Tutorials‎ > ‎

Digital Dictation On Linux

posted 2 May 2013, 04:00 by Alistair Hamilton   [ updated 23 Jul 2015, 01:47 ]
I was looking for Linux compatible digital dictation software recently and came up short. There's a host of products available for Windows, but precious little for Linux. NCH, the makers of Express Scribe did have a Linux version for a while but I am reliably informed that it is no longer supported (* see update at the bottom of this article). Their Windows product does run under Wine, but I found it problematic in its use. Specifically, its system wide hot keys wouldn't work.

My efforts in trying to track down suitable, dedicated software proved fruitless though it did get me thinking...

In its basic form, a digital dictation system only needs to replicate the functionality of an old style Dictaphone and tape playback used by countless typists World wide. In other words, all it requires is a mechanism to record the dictation and a method to replay it so that a typist can transcribe it into a document.

These things are readily available. Indeed, you probably have what you need already.

Even the most basic of modern mobile phones have voice recorder functionality. There's your Dictaphone substitute right there, without the need for any additional software. Not only that, most phones will then allow you to email that dictation file to your typist, no matter where she/he is.

The file is nothing more than an audio file, so all your typist needs is a means to play it. You'll be pleased to hear that almost any Linux based audio player will do just that.
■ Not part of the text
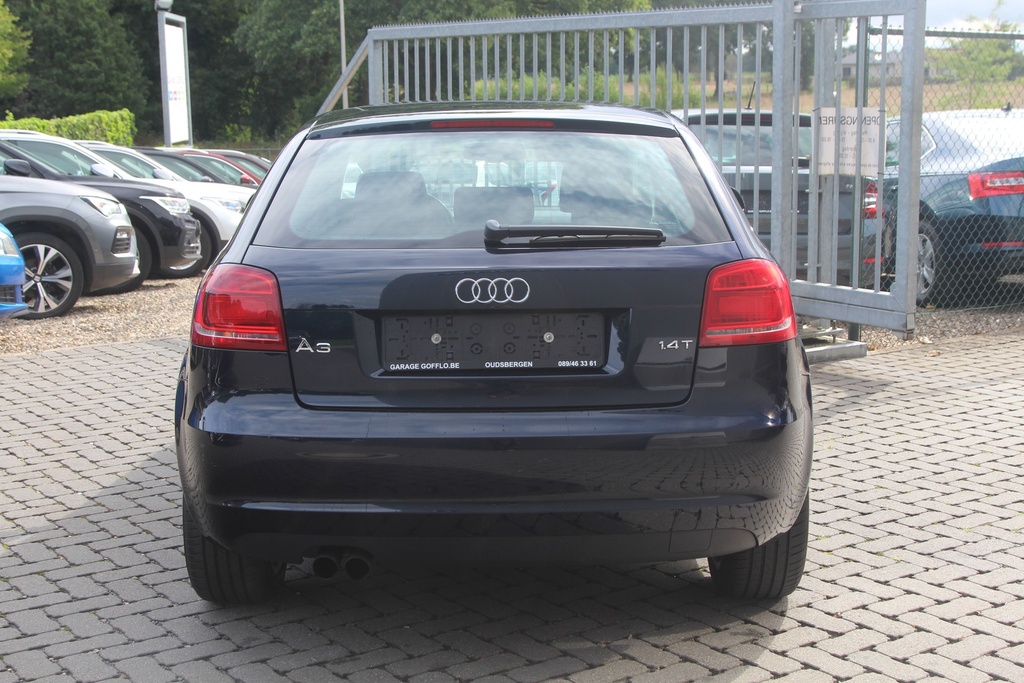 Hexon import image 5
Traditionally, typists use a foot pedal to control the playing/pausing/wind/rewind functions of the recording. This is merely a historical relic from the days of analogue Dictaphone and tapes. It was simply the only way to efficiently transcribe the recording and allow the typist to keep their hands on the keyboard. Now, with media keyboards, or the ability to assign hot keys to a keyboard, there's no real reason to use a foot pedal. A proficient typist will soon get used to controlling the audio using the keyboard.
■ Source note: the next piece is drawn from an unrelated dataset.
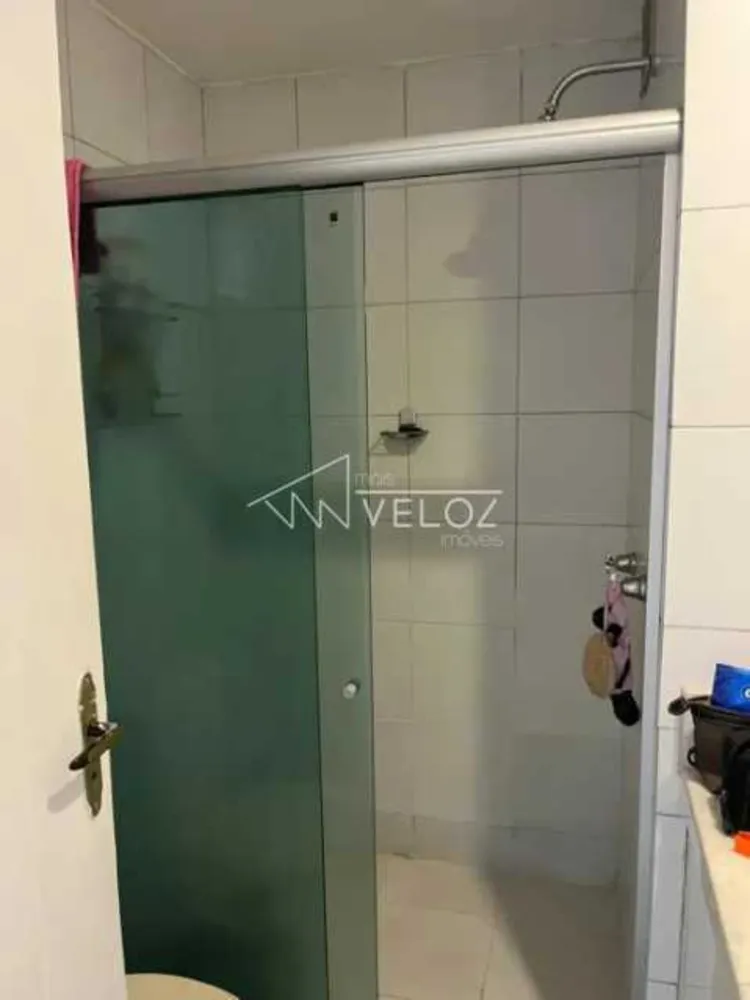 Apartamento, 2 quartos, 71 m² - Foto 1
If you want to go to the expense of installing a foot pedal, by all means do so. Search the Internet for Linux compatible models. I do not have access to one so have not tested it as part of this exercise. As you'll gather from the previous paragraph, I do not think it is necessary.

There's a few caveats that you must be aware of:
  1. Most phones record voice as AMR (Adaptive Multi-Rate ACELP Codec) files. This codec must be installed on the typist's Linux box before they can be played directly.
  2. Assuming the codecs are installed, you may find your player doesn't recognise the file name extension and consequently refuses to load it. Clementine is a case in point. However, simply rename the file by changing the AMR extension to MP3 (note this isn't converting the file to MP3) and it loads and plays quite happily.
  3. You may wish to use global hot keys to control the playing of the file, even when the audio software does not have focus. Not all players can do this.
I use Xubuntu, but the following principles should work on other distros:
  1. Using Menu -> System -> Synaptic Package Manager check that the following AMR packages are installed...
    libvo-amrwbenc0, libopencore-amrnb0 and libopencore-amrwb0
  2. Install one of the media player listed below if not already installed. These have been selected primarily due to their global hot key support and of course, their ability to play AMR files.
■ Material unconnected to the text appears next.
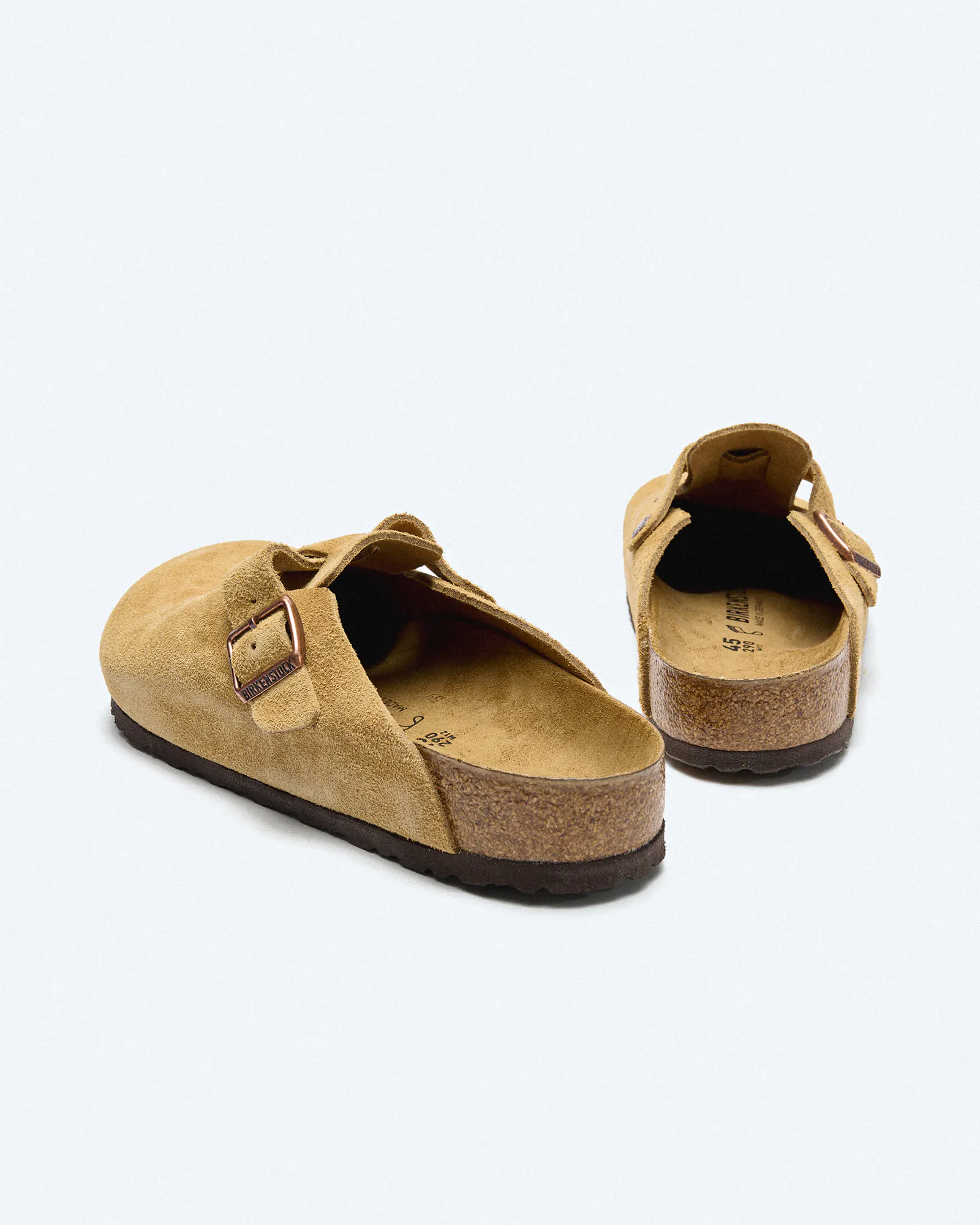 Birkenstock 290 45 shop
Suggested Linux media players:
  1. Clementine
    • Can play AMR files but does not load them without first renaming the file extension to MP3.
    • Supports Global Keys allowing control of audio playback even though Clementine does not have focus.
    • Automated playlist importation allowing newly received recording to be listed without user intervention.
    • Integrates with the volume control in the system tray.
    • Not installed in Xubuntu by default.
  2. Audacious
    • Plays AMR files natively when added to play list though importing a directory seems to ignore AMR files unless renamed with a MP3 extension.
    • Supports Global Keys allowing control of audio playback even though Audacious does not have focus.
    • No automated playlist importation.
    • Integrates with the volume control in the system tray.
    • Not installed in Xubuntu by default.
  3. VLC
    • Plays AMR files natively.
    • Supports Global Keys allowing control of audio playback even though VLC does not have focus.
    • The only one of the three, that I can see, that allows the user to change the speed of the playback which may be an issue for some users.
    • No automated playlist importation.
    • Installed in Xubuntu by default.
Of the three listed, I'd prefer Audacious if it had an automated importation facility where one could point it at a folder and any new recording would be automatically added to the play list. It has a simple, clear interface which would be ideal but for that one limitation.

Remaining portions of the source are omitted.